Work instruction |
Using the data that follows, output only the lines from the line with "Conducting background research" up to and including the line with "So we're now", exactly, leaving pictures aside.

Listed entries |
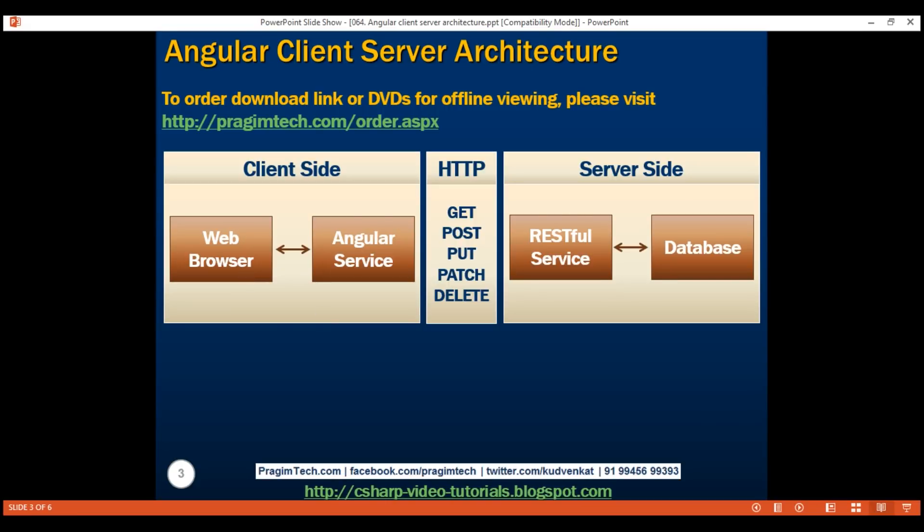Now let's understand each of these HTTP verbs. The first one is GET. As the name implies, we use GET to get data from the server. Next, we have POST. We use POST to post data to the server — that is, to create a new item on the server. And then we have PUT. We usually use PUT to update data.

---

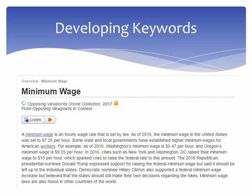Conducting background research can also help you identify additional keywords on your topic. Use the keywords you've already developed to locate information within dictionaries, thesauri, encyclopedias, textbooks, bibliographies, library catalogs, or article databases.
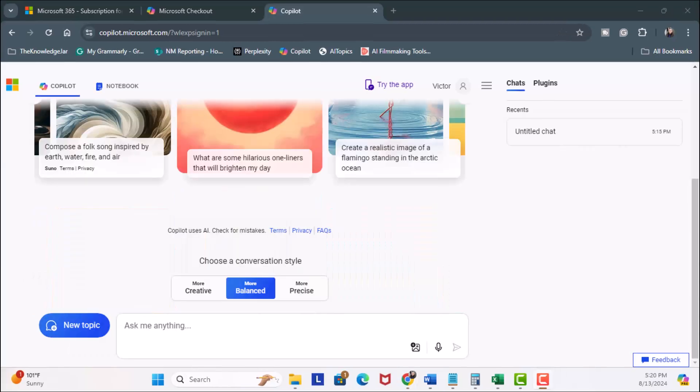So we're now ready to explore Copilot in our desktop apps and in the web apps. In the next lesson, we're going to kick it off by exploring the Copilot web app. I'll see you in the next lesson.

Answer space |
Conducting background research can also help you identify additional keywords on your topic. Use the keywords you've already developed to locate information within dictionaries, thesauri, encyclopedias, textbooks, bibliographies, library catalogs, or article databases.
So we're now ready to explore Copilot in our desktop apps and in the web apps. In the next lesson, we're going to kick it off by exploring the Copilot web app. I'll see you in the next lesson.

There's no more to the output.